## Your instructions:
Exactly and only the lines from the one with "Chân Đàn Organ X Đơn" through the last line of the records need to be set down; please skip the pictures.
☆ ☆ ☆ ☆ ☆ ☆ ☆
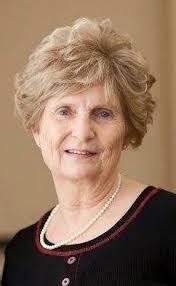 Joyce Haley's Instagram, Twitter & Facebook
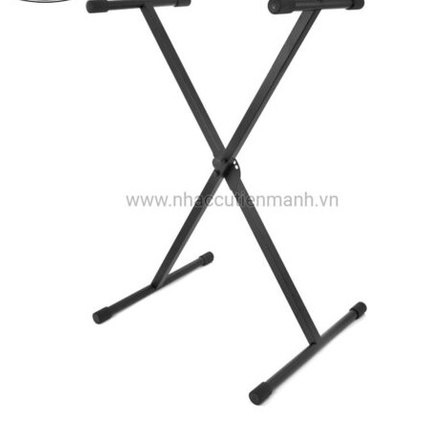 Chân Đàn Organ X Đơn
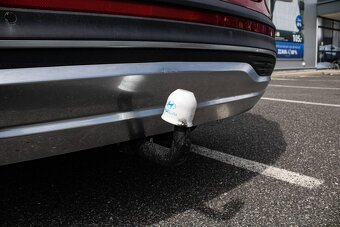 Hyundai Santa Fe 2.2 CRDi Premium 4x4 A/T - 3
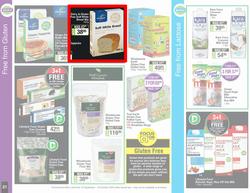Dis-Chem : Focus On Healthy Living (18 September - 18 October 2020), page 21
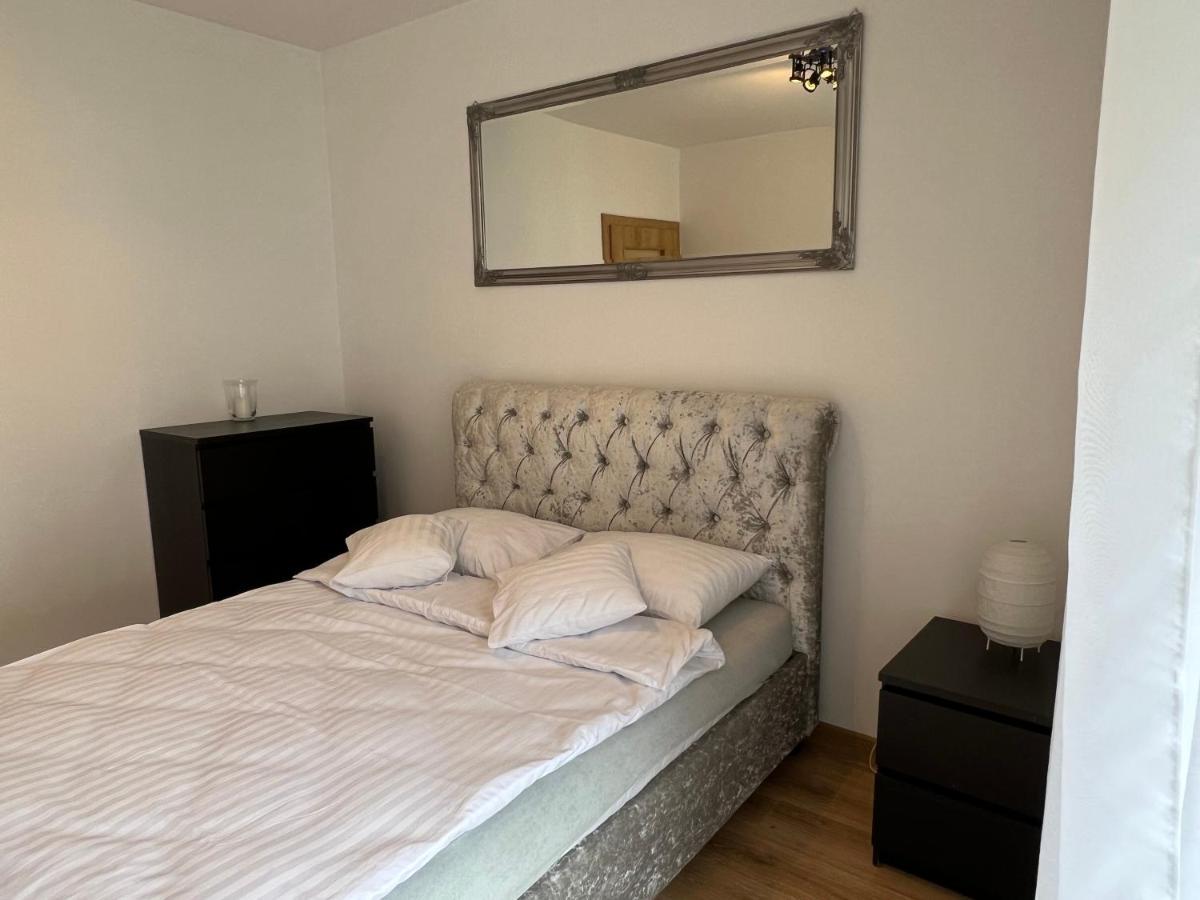 I&M Apartments Sikorskiego 弗罗茨瓦夫 外观 照片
☆ ☆ ☆ ☆ ☆ ☆ ☆
## Exercise response:
 Chân Đàn Organ X Đơn
 Hyundai Santa Fe 2.2 CRDi Premium 4x4 A/T - 3
Dis-Chem : Focus On Healthy Living (18 September - 18 October 2020), page 21
 I&M Apartments Sikorskiego 弗罗茨瓦夫 外观 照片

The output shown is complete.